Adjusting Paragraphs:- Mixed energy market: Paragraph 1 – Introductory information about crude oil and gasoline settlements and their movements.- Causes of dips: Paragraph 2 – Explanation for the concern over a global oil glut, Saudi Arabia's signaled increase, weaker dollar, and US service sector strength.- Rebounding gasoline: Paragraph 3 – Discussion about the fire at Valero Energy's refinery causing short-covering in gasoline futures and modest gains.- OPEC+'s production hike impact: Paragraph 4 – Overview of OPEC+'s planned rollback of production cuts and the intent to maintain stability with flexibility.- Global economic news: Paragraph 5 – Positive economic news that supported crude prices.- Additional sanctions and Iran's nuclear program: Paragraph 6 – Discussion of the potential impact of increased sanctions on Russian crude and the US-Iran nuclear talks.- Crude oil reduction and Chinese demand: Paragraph 7 – Explanation of the reduction in crude oil stored on tankers and stronger crude demand in China.- Domestic factors supporting oil prices: Paragraph 8 – Information on the decline in US crude oil inventories, lower gasoline and distillate inventories, and a moderate drop in US oil rigs, supporting oil prices.

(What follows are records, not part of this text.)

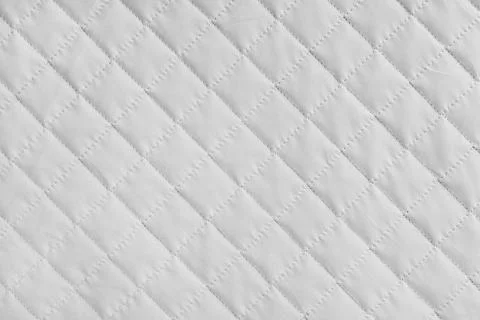 Checkered, diamond stitching pattern, white quilted fabric background. Blan.. 스톡 사진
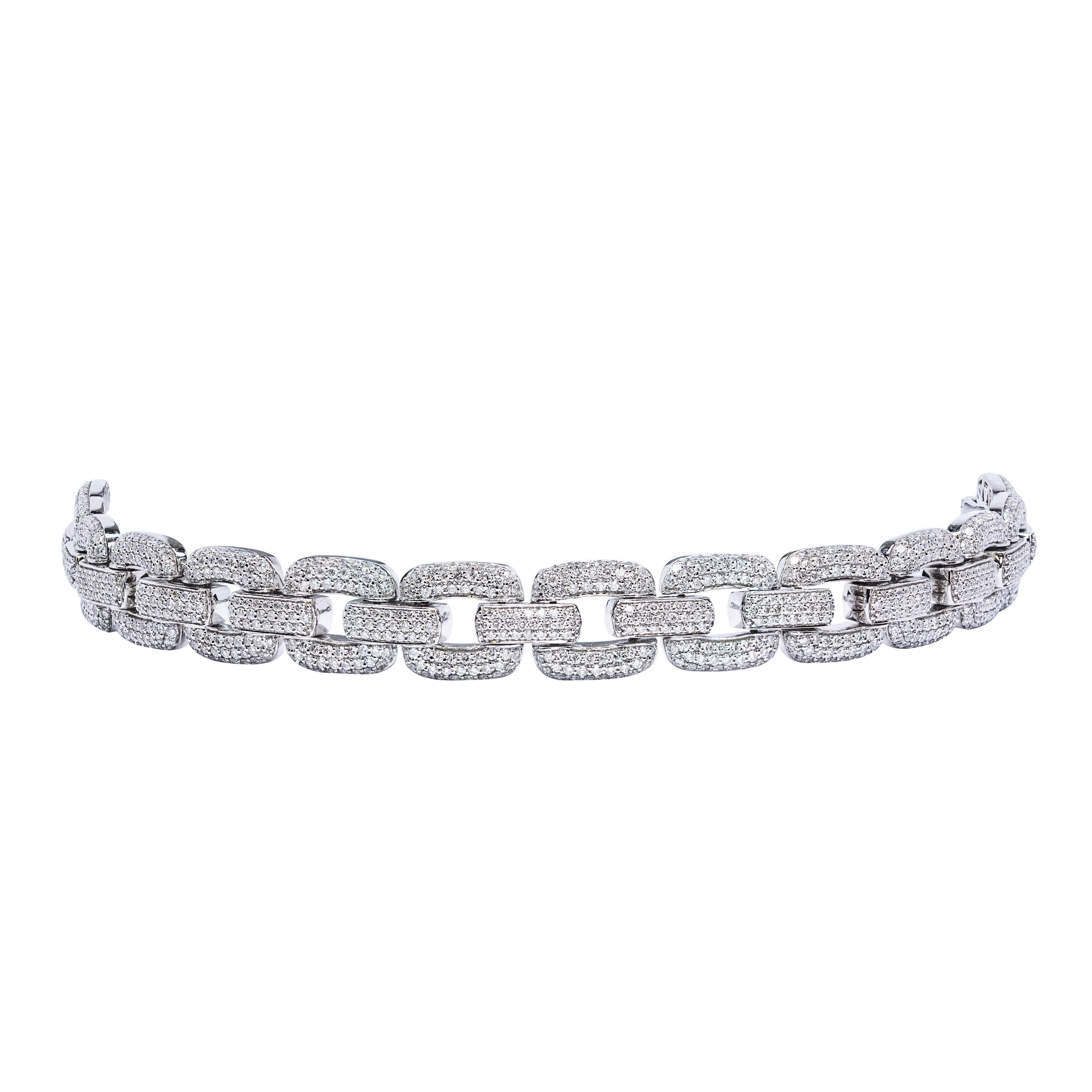 A stunning link bracelet with micro-pave set round brilliant cut diamonds of 6.55 carats total. The diamonds are approximately F color and VS clarity. Set in 18K white gold, this bracelet measures about 7 inches in length and 0.45 inches in width. A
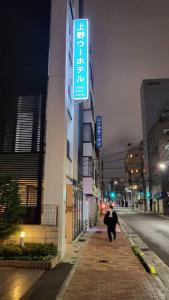 东京Ueno Woo Hotel的沿着建筑物旁边的街道走的人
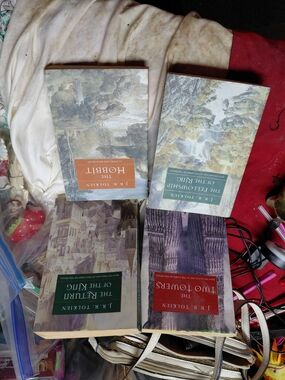 collection of vintage paperbacks of J.R.R. Tolkien's fantasy novels, LOTR/hobbit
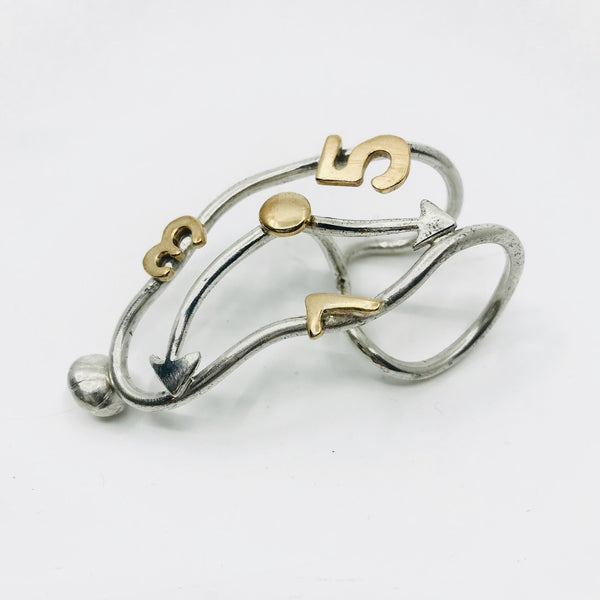 Melting clock ring in silver and brass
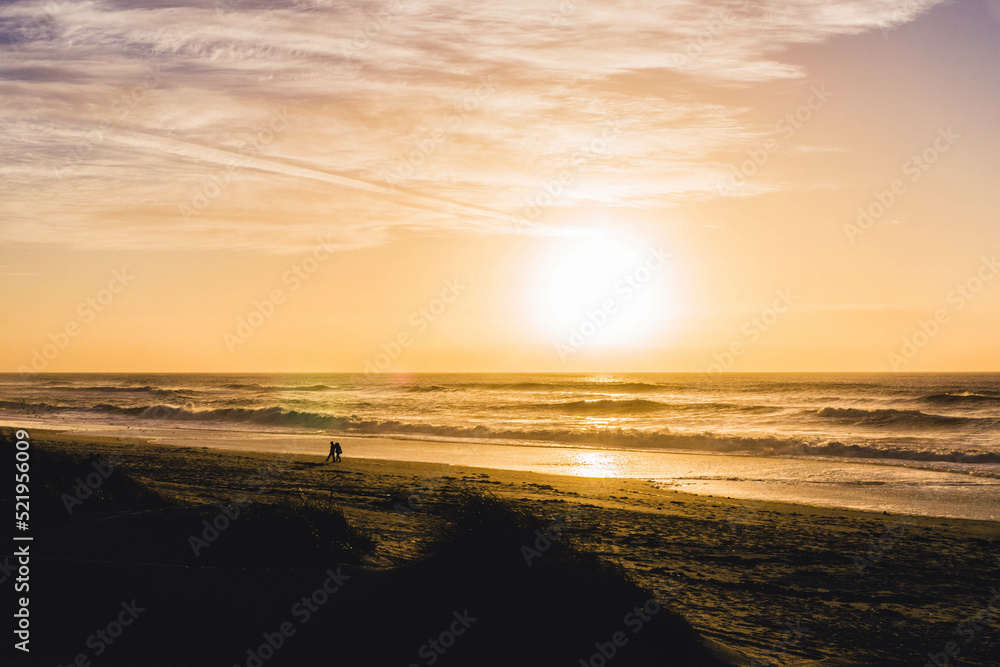 Aveiro, Portugal. People walking on the beach, surrounded by a suggestive sunset and ocean. Aveiro, Portugal. People walking on the beach, surrounded by a suggestive sunset and ocean.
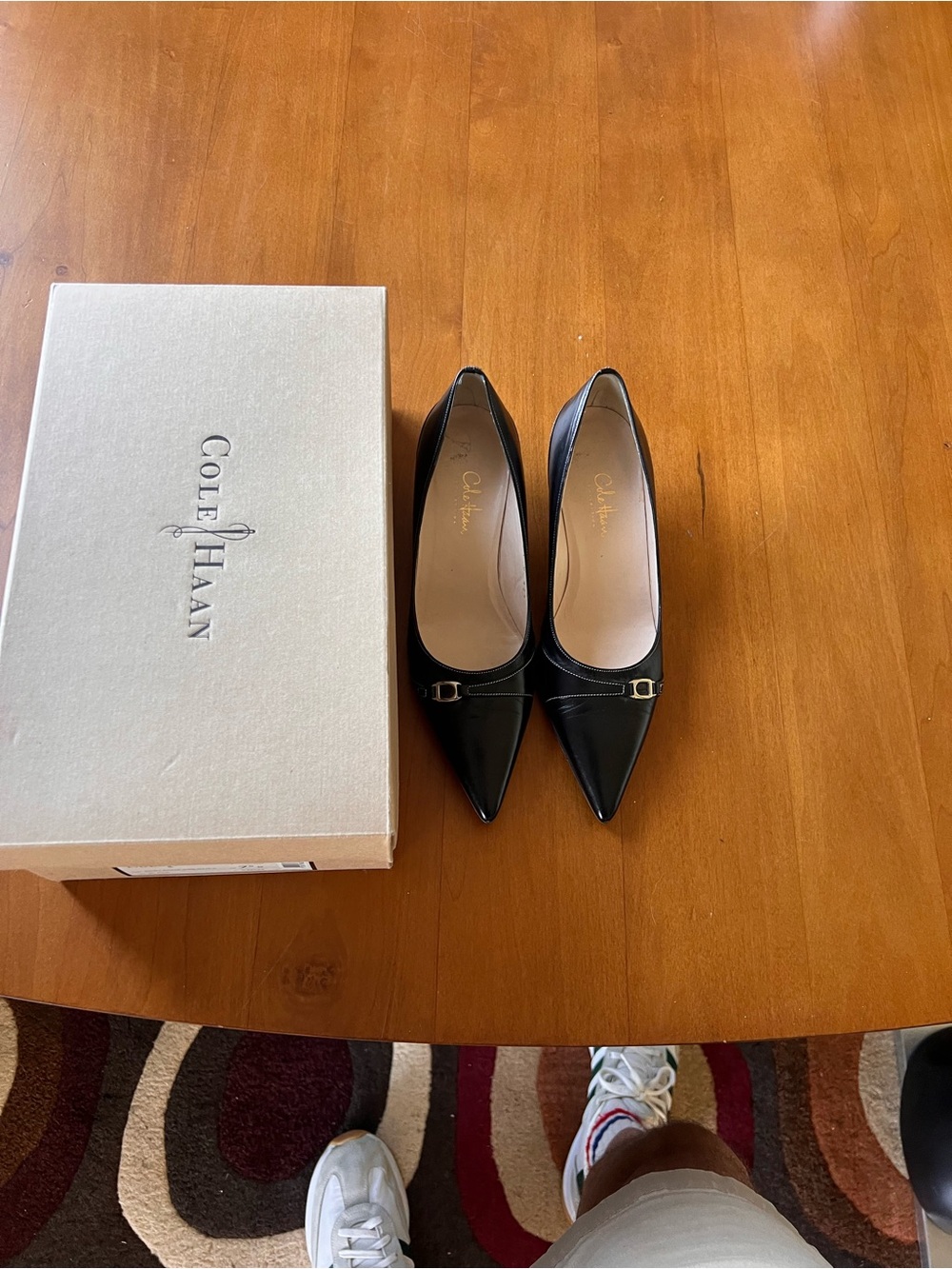 Cole Haan Black Pointed Toe Leather Pumps with Gold Buckle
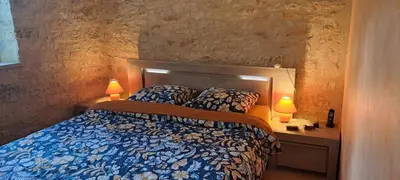 Un ou plusieurs lits dans un hébergement de l'établissement Canterane, un coin de paradis à la campagne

  1. In light of the ongoing market fluctuations, discerning investors may find opportunities in the oil-and-gas sector, as OPEC+'s production hike adversely affects prices in the short term but could potentially foster profitable investments in the finance industry and the energy sector in the long run.
  2. As the industry moves towards a gradual return of previously reduced output levels, savvy investors might consider diversifying their portfolios with investments in the oil-and-gas sector, particularly in companies that specialize in energy efficiency and renewable resources, to hedge against potential market volatility caused by factors such as geopolitical tensions and trade disputes.
Crude oil (CLM25) and gasoline (RBM25) concluded their Monday trade session with a decrease of 1.99% for oil and a 0.14% increase for gasoline. The day ended with oil reaching a three-and-a-half-week low due to worries about an excess in global crude oil supply, which negatively affected oil prices.